What this task involves: An exact transcription of the lines below, from the first through the one containing "Una habitación con", is the only output wanted.

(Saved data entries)
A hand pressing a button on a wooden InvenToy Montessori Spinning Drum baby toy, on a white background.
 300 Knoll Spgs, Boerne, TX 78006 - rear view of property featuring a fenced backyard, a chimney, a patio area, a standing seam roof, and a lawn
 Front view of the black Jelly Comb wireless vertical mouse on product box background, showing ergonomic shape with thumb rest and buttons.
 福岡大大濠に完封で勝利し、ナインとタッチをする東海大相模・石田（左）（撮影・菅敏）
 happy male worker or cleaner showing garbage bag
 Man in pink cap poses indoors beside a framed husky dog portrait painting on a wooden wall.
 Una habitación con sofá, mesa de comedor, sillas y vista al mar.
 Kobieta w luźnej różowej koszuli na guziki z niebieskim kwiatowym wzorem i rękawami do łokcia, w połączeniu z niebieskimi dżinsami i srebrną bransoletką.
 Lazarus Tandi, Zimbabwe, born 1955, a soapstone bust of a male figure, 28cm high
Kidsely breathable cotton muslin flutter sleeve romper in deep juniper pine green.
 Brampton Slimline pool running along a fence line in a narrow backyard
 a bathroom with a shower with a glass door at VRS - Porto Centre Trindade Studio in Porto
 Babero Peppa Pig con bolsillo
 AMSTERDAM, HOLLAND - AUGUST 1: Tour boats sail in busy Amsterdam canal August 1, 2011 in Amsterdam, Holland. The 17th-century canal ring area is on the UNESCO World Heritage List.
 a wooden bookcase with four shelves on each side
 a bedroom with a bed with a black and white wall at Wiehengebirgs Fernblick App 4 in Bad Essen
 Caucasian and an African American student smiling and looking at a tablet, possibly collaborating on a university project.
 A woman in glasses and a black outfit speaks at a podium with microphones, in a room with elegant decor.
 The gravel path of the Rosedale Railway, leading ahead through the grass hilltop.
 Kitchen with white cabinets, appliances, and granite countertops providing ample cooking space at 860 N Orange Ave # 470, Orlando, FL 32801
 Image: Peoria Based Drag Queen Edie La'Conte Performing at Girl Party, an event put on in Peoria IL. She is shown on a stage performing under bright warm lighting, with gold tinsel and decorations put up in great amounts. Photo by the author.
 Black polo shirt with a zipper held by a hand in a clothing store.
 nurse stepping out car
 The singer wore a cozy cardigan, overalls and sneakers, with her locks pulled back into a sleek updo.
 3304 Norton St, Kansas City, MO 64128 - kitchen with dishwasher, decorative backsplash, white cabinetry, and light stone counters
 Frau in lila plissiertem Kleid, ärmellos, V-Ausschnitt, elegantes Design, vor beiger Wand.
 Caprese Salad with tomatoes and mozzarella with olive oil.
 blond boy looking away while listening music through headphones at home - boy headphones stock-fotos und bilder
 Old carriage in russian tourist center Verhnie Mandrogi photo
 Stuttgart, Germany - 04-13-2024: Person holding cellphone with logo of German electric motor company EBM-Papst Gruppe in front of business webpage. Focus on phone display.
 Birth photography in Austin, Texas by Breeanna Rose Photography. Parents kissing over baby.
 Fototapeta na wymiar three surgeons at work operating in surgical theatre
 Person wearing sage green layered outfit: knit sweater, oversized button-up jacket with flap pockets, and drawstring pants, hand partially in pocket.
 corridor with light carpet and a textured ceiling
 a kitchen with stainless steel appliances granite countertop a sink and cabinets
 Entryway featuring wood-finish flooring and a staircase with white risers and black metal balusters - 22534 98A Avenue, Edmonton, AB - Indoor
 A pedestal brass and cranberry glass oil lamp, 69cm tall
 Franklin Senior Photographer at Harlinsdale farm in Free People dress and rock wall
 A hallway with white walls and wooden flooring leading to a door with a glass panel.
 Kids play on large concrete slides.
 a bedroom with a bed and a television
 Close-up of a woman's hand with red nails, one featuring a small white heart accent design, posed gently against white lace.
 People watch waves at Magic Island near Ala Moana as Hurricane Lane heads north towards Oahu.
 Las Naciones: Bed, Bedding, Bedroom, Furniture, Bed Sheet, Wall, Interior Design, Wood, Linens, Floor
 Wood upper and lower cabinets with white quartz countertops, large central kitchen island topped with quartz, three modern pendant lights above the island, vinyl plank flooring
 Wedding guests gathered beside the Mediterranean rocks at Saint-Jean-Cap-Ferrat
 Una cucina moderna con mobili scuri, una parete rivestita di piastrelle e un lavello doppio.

Solution to this exercise:
A hand pressing a button on a wooden InvenToy Montessori Spinning Drum baby toy, on a white background.
 300 Knoll Spgs, Boerne, TX 78006 - rear view of property featuring a fenced backyard, a chimney, a patio area, a standing seam roof, and a lawn
 Front view of the black Jelly Comb wireless vertical mouse on product box background, showing ergonomic shape with thumb rest and buttons.
 福岡大大濠に完封で勝利し、ナインとタッチをする東海大相模・石田（左）（撮影・菅敏）
 happy male worker or cleaner showing garbage bag
 Man in pink cap poses indoors beside a framed husky dog portrait painting on a wooden wall.
 Una habitación con sofá, mesa de comedor, sillas y vista al mar.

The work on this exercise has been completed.